Lynx refers to this as the Mission Critical Edge, which it estimates to be a $16bn software opportunity.
Lynx will initially roll out three new MOSA.ic bundles. LYNX MOSA.ic for Industrial, LYNX MOSA.ic for UAVs/Satellites, and LYNX MOSA.ic for Avionics allowing developers to access market opportunities associated with industrial digital transformation, drones, personal aviation, commercial spaceflight, and more.
Bypassing the restrictions imposed by typical embedded approaches to mission critical systems, these bundles are intended to allow developers to create flexible and intelligent Edge Computing solutions that feature robust system-safety mechanisms, state-of-the-art security, and real-time determinism with sub-microsecond latency.
At the core of these software bundles is Lynx’ secure hypervisor technology, which has been proven in mission critical environments including commercial aviation, healthcare, and military aircraft.

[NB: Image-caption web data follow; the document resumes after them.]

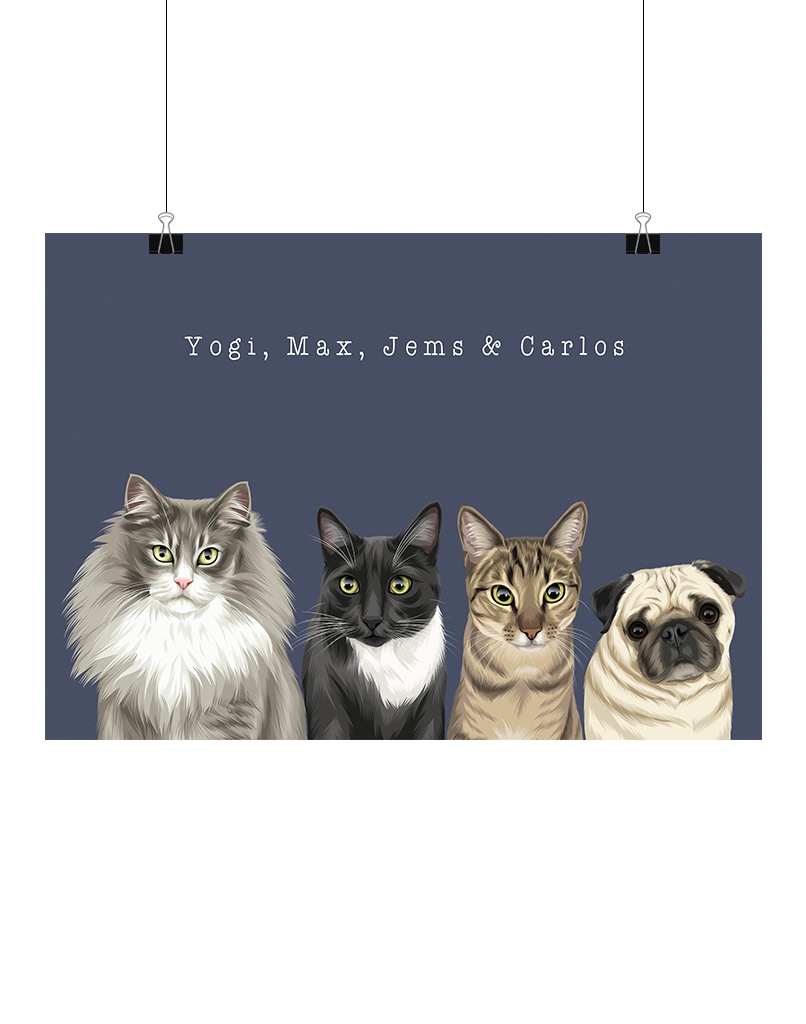 Hand-drawn digital four-pet artwork featuring Yogi, Max, Jems & Carlos on a rich navy background, unframed and ready to display – bespoke pet décor for Aussie pet owners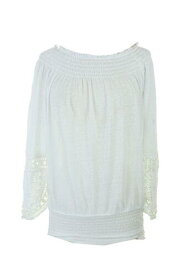 INC Inc International Concepts White Eyelet-Trim Smocked Peasant Top M レディース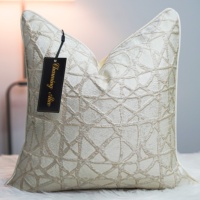 Housse de coussin décorative pour canapé de maison/hôtel 18*18 pouces, housse de coussin géométrique en jacquard avec fermeture éclair invisible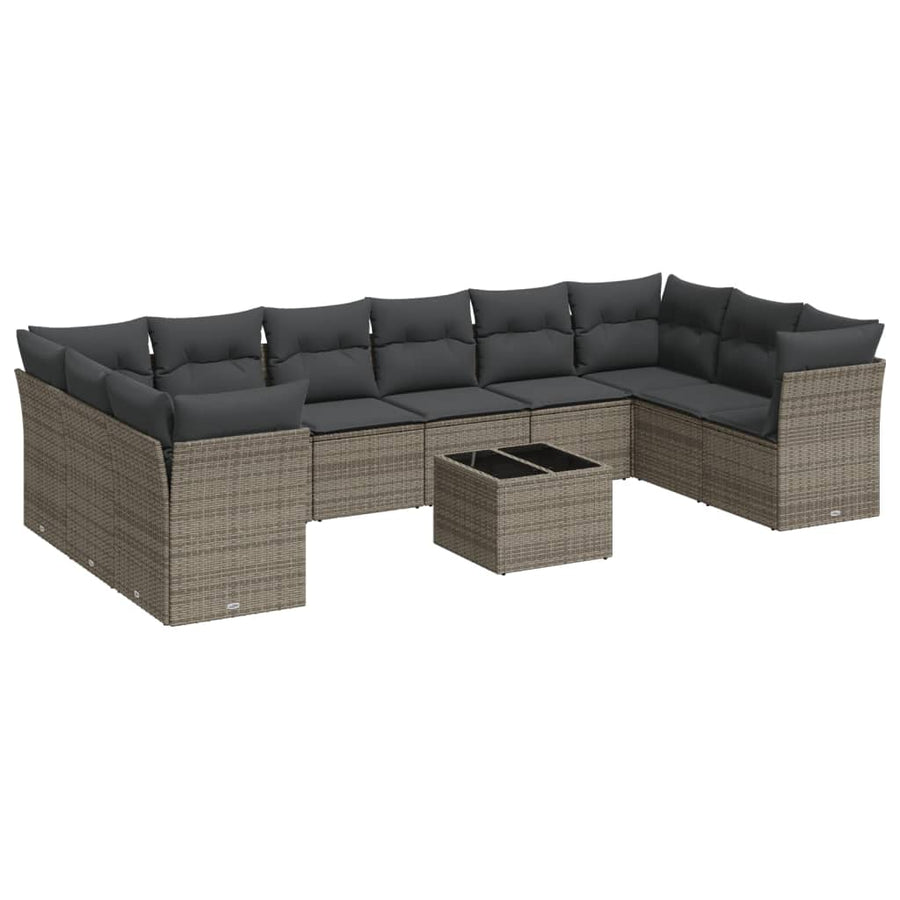 11-Delige Loungeset Met Kussens Poly Rattan Grijs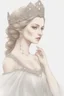 Placeholder: The enchanting queen, radiating grace and elegance. She would wear a flowing gown made of silk and adorned with delicate lace and pearls. Her crown would be a delicate tiara, embellished with sparkling gems.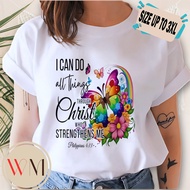 GOSPEL CHRISTIAN BIBLE VERSE STATEMENT WHITE TSHIRT FOR WOMEN SMALL FREE SIZE PLUS SIZE UP TO 3XL ba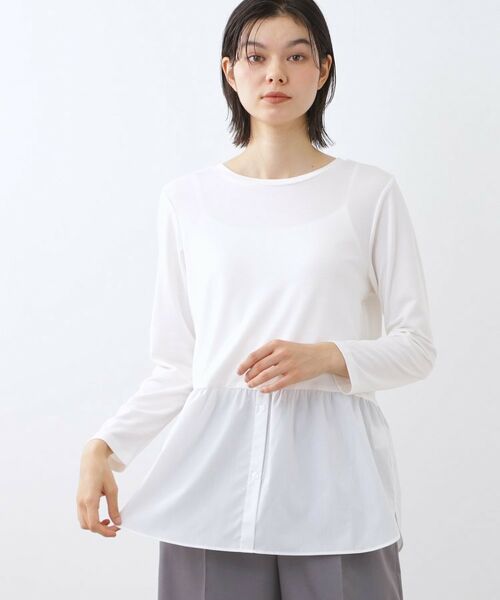 Reflect / リフレクト カットソー | 【重ね着でも一枚着でも◎】ドッキングジャージトップス | 詳細1
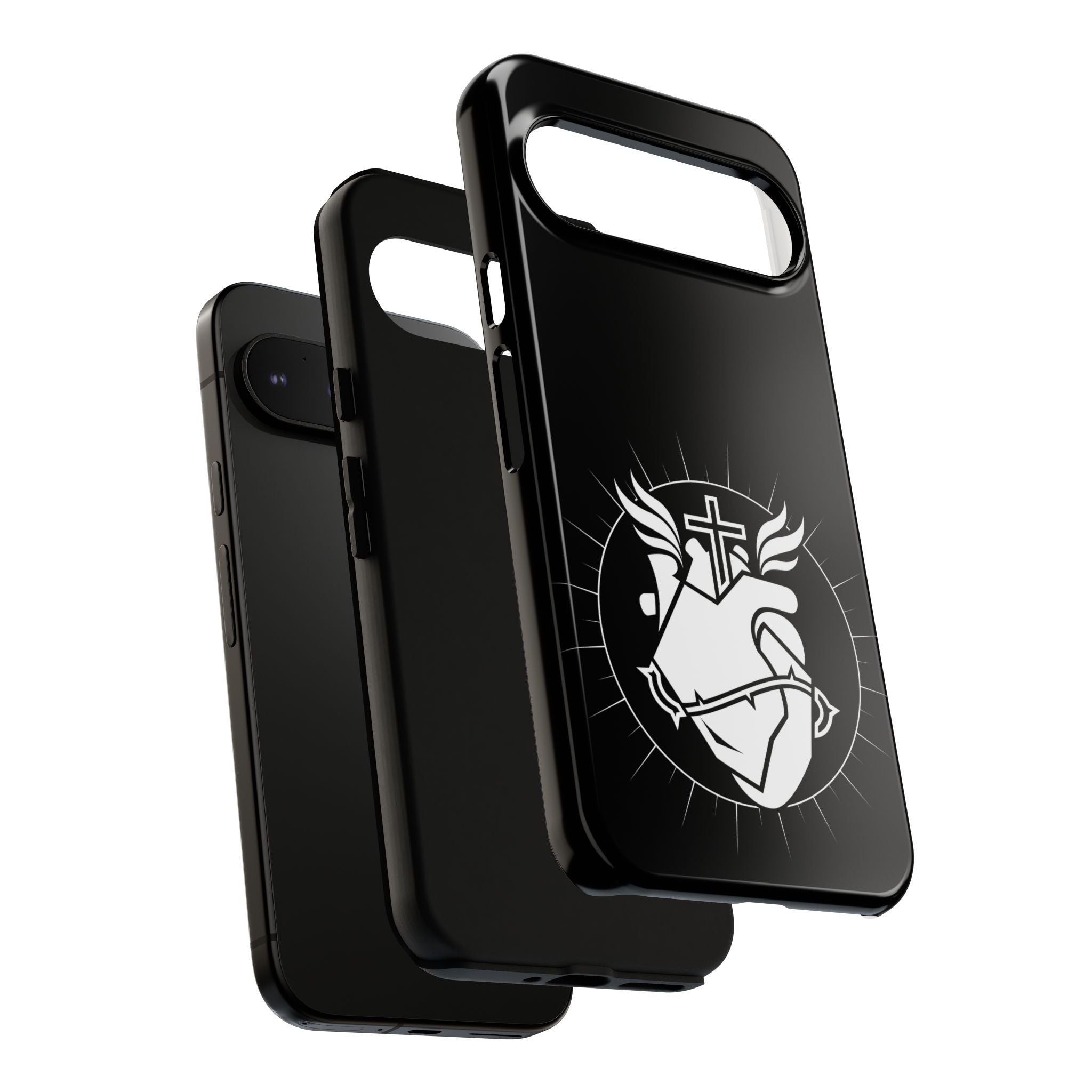 Sacred Heart Cross Phone Case — Faith-Inspired Christian Armor for iPhone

“These new bundles leverage the proven safety and reliability of LYNX MOSA.ic to enable mission critical edge computing,” said Pavan Singh, VP Product Management at Lynx, “Each is designed to let developers of security and safety critical systems, including certifiable systems, take advantage of powerful workflows and techniques such as containers and sensor fusion, easily connect to cloud services, and to scale and adapt intelligently to changing market requirements.”
Designed to handle emerging use cases, such as industrial robotics, drone aviation, and increasingly large and complex satellite constellations carrying payloads owned and accessed by multiple users, the LYNX MOSA.ic bundles provide the tools needed to deploy systems of systems efficiently and manage assets securely and safely. Each lets developers create, certify, and deploy robust platforms cost-effectively.
The three domain-optimised bundles contain common features of the LYNX MOSA.ic software framework, which brings together resources that include real-time operating systems (RTOS), bare metal, and third-party operating systems. LYNX MOSA.ic for Avionics and LYNX MOSA.ic for UAVs/Satellites support Arm and x86 processor architectures. Both include LynxOS-178, Lynx’s proven DO-178 certified operating system, the LynxSecure separation kernel hypervisor, Linux, a rich set of tools, and support for the SR-IOV extension to the PCIe specification.
The initial alpha release of MOSA.ic for Industrial removes Lynx’s RTOS and adds Azure IoT Edge and Windows 10 support for x86 platforms, as well as providing Virtual PLC functionality to let manufacturing organizations quickly scale, reconfigure, and update software-driven capacity.
Future code drops will further extend capabilities including guest operating systems, IoT connectivity, and processor architectures.